Tuesday, April 26, 2005

Georgia Supreme Court curtails the ability of police to collect evidence of drug and alcohol use by drivers involved in serious auto accidents

26 Apr 2005, credit to Bill Rankin of the AJC:

The Georgia Supreme Court on Tuesday curtailed the ability of police to collect evidence of drug and alcohol use by drivers involved in serious auto accidents.
In a unanimous ruling, the court held that once a driver declines to give a blood and urine sample under the state's "implied consent" law, police cannot obtain a search warrant to force the driver to submit to the test.

"The statute plainly requires that if an individual does not consent to the designated chemical test, then no test is to be administered," Justice Harris Hines wrote for a unanimous court.

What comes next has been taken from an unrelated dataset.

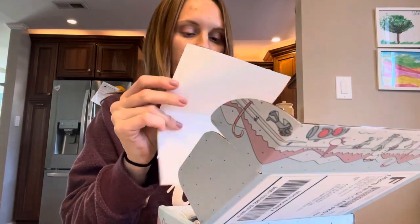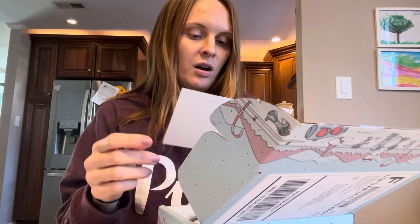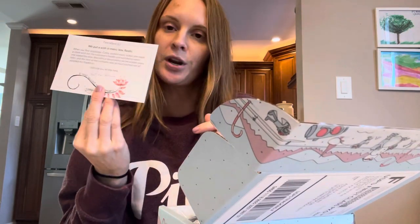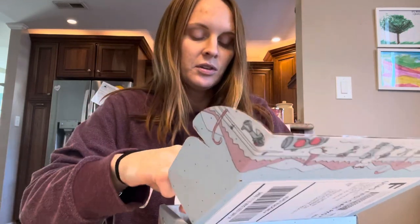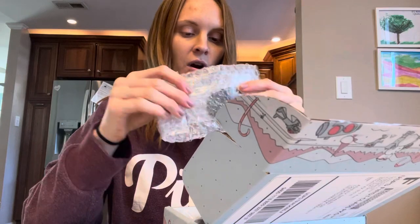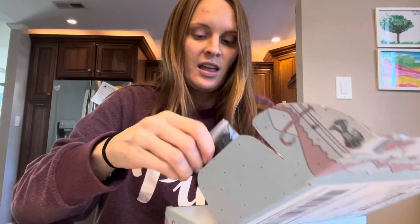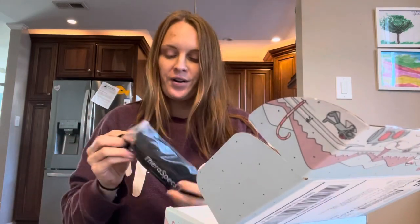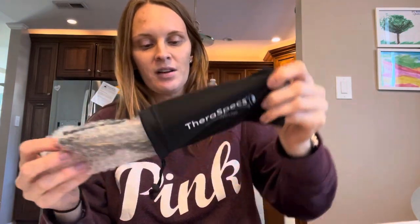Inside the box there are a few business cards to spread the word, some directions, a little cute handwritten note, and they always come with one of these little mints. These are my original frames that they took out, and here are the new ones. I like a good soft case because I can throw it in my purse without it being hard and bulky, so I'm happy it comes with a soft case.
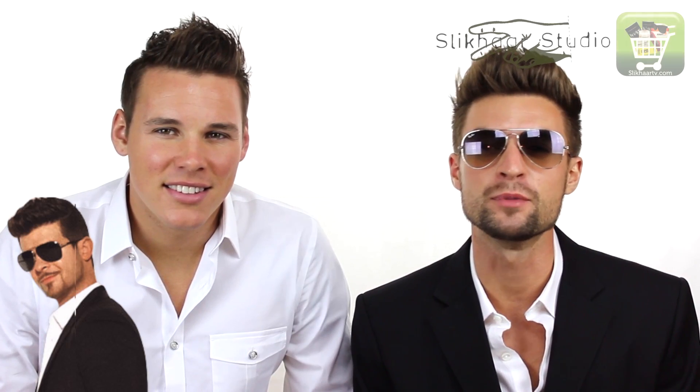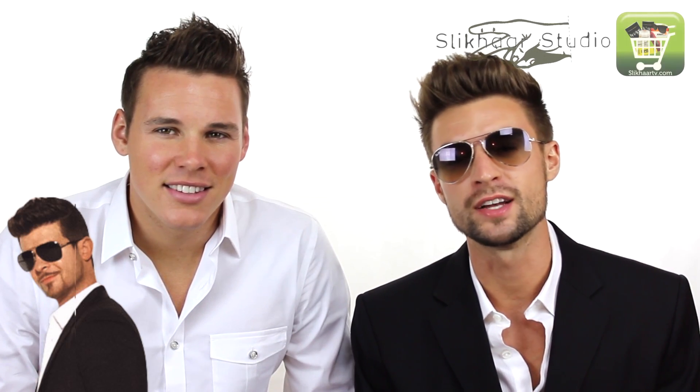Hey, hey, hey. What's up guys? You're watching Slick Hair TV. Today we're going to show you how to do the Robin Thicke hairstyle from his new music video, Blurred Lines. Although there's no naked women in the background — we're sorry.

Under the implied consent law, people who refuse to give a blood or urine sample can have their driver's licenses suspended for a year. Their refusal to take the test also can be used as evidence against them at trial.

But these penalties "do not include being compelled to submit to testing through the use of a search warrant," Hines wrote. "Otherwise, the right of refusal under the implied consent law would be rendered meaningless."

The ruling threw out two vehicular homicide convictions — and a 28-year prison sentence — against a Carroll County man accused of running a stop light and killing Inez Billingsley, 54, and her six-year-old grandson, Angelo Sykes. Billingsley was driving Angelo to school on the morning of Sept. 13, 1999. The defendant, Steven William Collier, 34, tested positive for amphetamine and methamphetamine.